The Tribunal set aside the findings of the CIT(A) and directed the AO to allow cost of improvement as claimed by the assessee.

Property received by assessee from his step-sister is not taxable under section 56(2)(vii). Receipt of property from step-sister qualifies as a receipt from a relative viz. sister.

15. Rabin Arup Mukerjea vs. ITO, International Tax

ITA No. 588/Mum./2024

A.Y.: 2016-17 Date of Order: 21 March 2025

Section : 56(2)(vii)

Property received by assessee from his step-sister is not taxable under section 56(2)(vii). Receipt of property from step-sister qualifies as a receipt from a relative viz. sister.

FACTS

The assessee, a non-resident individual, did not have any source of income in India and was therefore not filing return of income. In January 2021, he made an application under section 197 for grant of certificate authorising the payer to deduct tax on sale of his property at a lower rate. The property being sold by the assessee was received by him as a gift from Ms. Vidhie Mukerjea vide a Registered Deed of Gift dated 21.1.2016.

The Assessing Officer (AO) was of the view that the receipt of property was not from a relative and therefore should have been taxed under section 56(2)(vii) and therefore he recorded reasons and reopened the assessment for assessment year 2016-17.

The AO in his order disposing objections raised by the assessee to reopening the assessment rejected the contention of the assessee that the step-brother and step-sister are covered within the ambit of the definition of the expression “relative” provided in clause (e) of the Explanation to section 56(2)(vii) of the Act. He held that step-brother and step-sister cannot be treated as relatives. The AO drew a pictorial tree of the members in the family.
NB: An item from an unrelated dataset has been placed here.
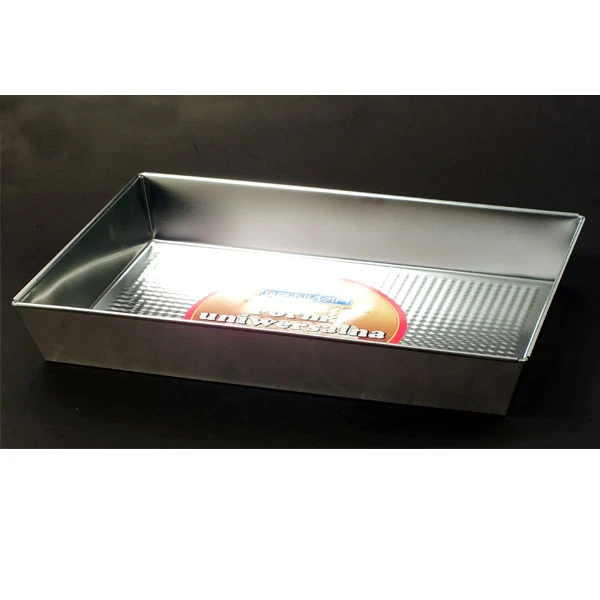 SPINWAR-BLACHA 40*28*6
The AO holding that the receipt of property from step-sister does not qualify as a receipt from a relative, taxed ₹7,50,68,525 under section 56(2)(vii) of the Act.

Aggrieved, assessee preferred an appeal to CIT(A) who confirmed the action of the AO and held that the definition stated in section 56(2) is to be interpreted keeping the blood relationship, lineal ascendant and lineal descendant and hence no further meaning could be ascribed to this term.
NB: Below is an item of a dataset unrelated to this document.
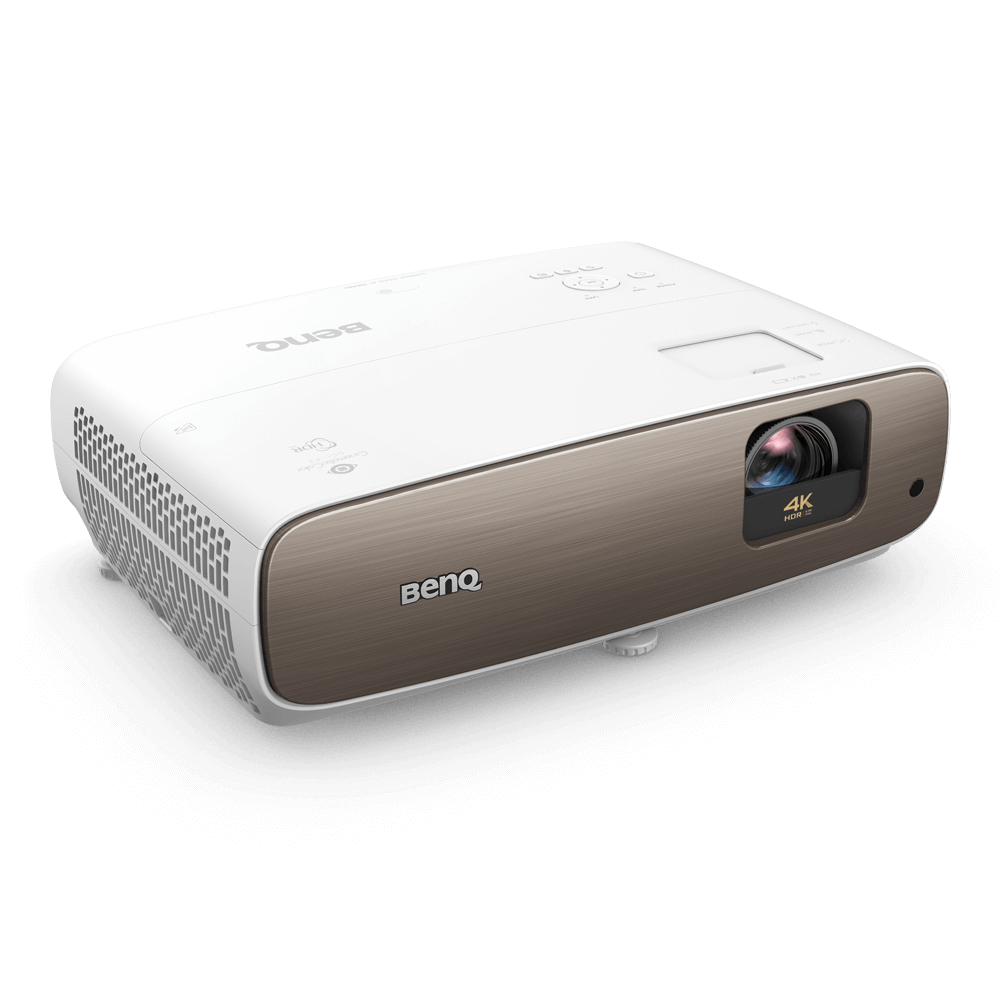 W2710i | 4K HDR Smart Home Theater Projector with Android TV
Aggrieved, assessee preferred an appeal to the Tribunal where it cited various provisions of different Acts to canvass that `step’ child has been recognised in various Acts e.g. section 2(15B) of the Income-tax Act, 1961, section 45S of the Reserve Bank of India Act, 1934 and section 2(77) of the Companies Act, 2013.

HELD

The Tribunal noted that Ms. Vidhie is daughter of Ms. Indrani Mukerjea from her husband Mr. Sanjeev Khanna whereas Mr. Rabin Mukerjea is first son of Mr. Peter Mukerjea with his first wife Mrs. Shabnam Singh. After the marriage of Ms. Indrani Mukerjea with Mr. Peter Mukerjea, Ms. Vidhie Mukerjea and Mr. Rabin Mukerjea became step-sister and step-brother due to alliance of marriage between their respective parents.

The Tribunal having noted the definition of the expression “relative” in clause (e) to the Explanation to section 56(2)(vii), observed that ergo, the Act uses the word `brother and sister of an individual’, in common parlance, there are 5 kinds of brother and sister relations.

The Tribunal considered the meaning of the term “relative” as given in Black’s Law Dictionary and also the meaning of the term “affinity” as explained in various dictionaries.

It held that as per the Dictionary meaning of the term “relative”, it includes a person related by affinity, which means the connection existing in consequence of marriage between each of the married persons and the kindred of the other. If the aforesaid Dictionary meaning is to be referred and relied upon, then the term ‘relative’ would include step-brother and step-sister by affinity. If the term `brother and sister of the individual’ has not been defined under the Act, then the meaning defined in common law has to be adopted and in the absence of any other negative covenant under the Act, it held that brother and sister should also include step-brother and step-sister who by virtue of marriage of their parents have become brother and sister.

The Tribunal held that the property received by the assessee from his step-sister being received  from a relative is not taxable under section 56(2)(vii) of the Act.